[Records drawn from a dataset]
╭──
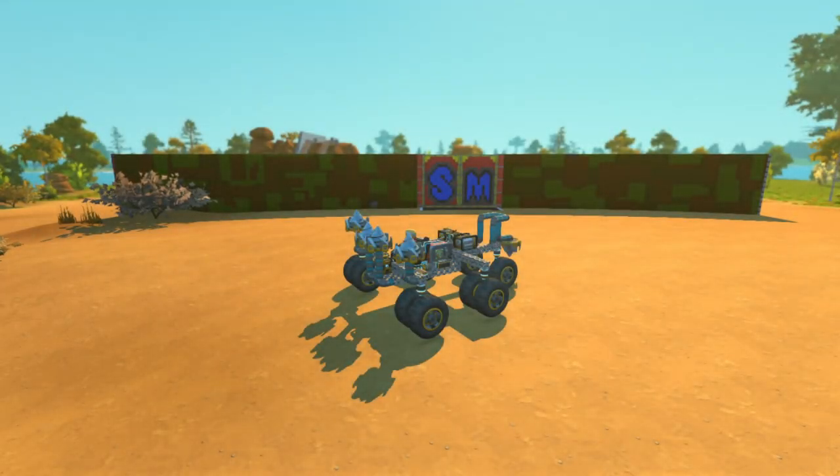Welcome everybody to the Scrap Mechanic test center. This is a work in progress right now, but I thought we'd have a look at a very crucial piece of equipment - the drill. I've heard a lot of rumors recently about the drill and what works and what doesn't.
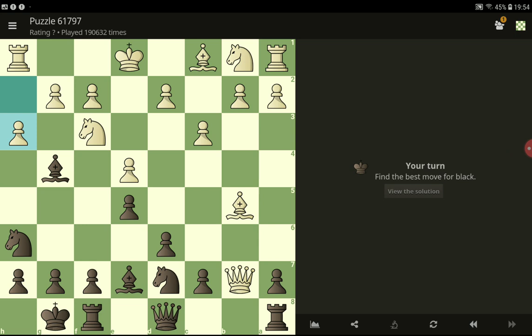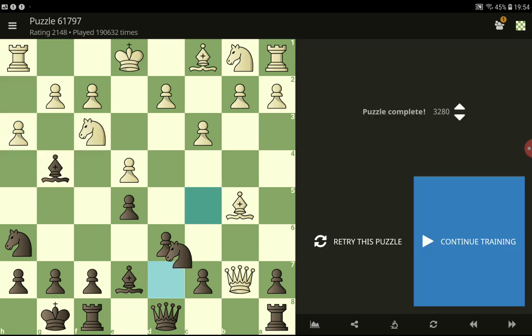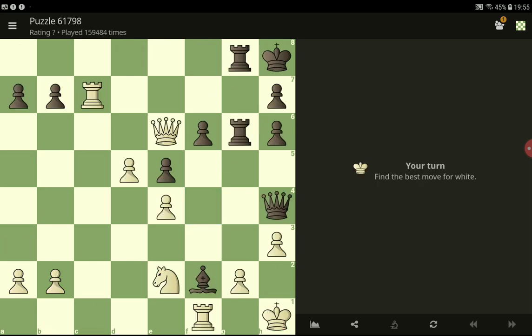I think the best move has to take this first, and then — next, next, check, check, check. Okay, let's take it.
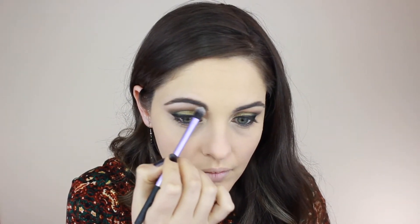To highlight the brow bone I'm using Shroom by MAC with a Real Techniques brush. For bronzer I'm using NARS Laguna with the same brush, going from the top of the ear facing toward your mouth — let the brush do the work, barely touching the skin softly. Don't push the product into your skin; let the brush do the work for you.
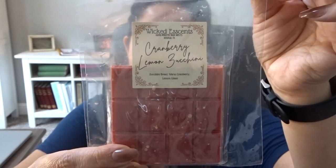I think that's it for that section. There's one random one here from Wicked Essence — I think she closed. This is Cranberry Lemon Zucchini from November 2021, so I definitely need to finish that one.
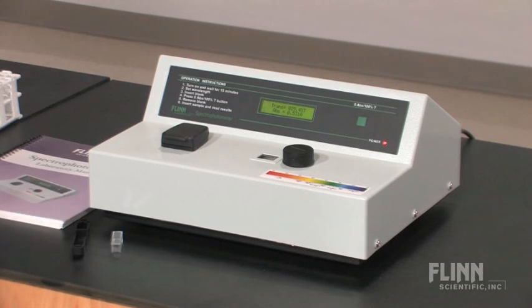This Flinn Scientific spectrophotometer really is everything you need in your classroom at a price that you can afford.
╰──
▸ **Problem**: Please repeat each record exactly and keep every picture out of the copy.

▸ **Your solution**:
Welcome everybody to the Scrap Mechanic test center. This is a work in progress right now, but I thought we'd have a look at a very crucial piece of equipment - the drill. I've heard a lot of rumors recently about the drill and what works and what doesn't.
I think the best move has to take this first, and then — next, next, check, check, check. Okay, let's take it.
To highlight the brow bone I'm using Shroom by MAC with a Real Techniques brush. For bronzer I'm using NARS Laguna with the same brush, going from the top of the ear facing toward your mouth — let the brush do the work, barely touching the skin softly. Don't push the product into your skin; let the brush do the work for you.
I think that's it for that section. There's one random one here from Wicked Essence — I think she closed. This is Cranberry Lemon Zucchini from November 2021, so I definitely need to finish that one.
This Flinn Scientific spectrophotometer really is everything you need in your classroom at a price that you can afford.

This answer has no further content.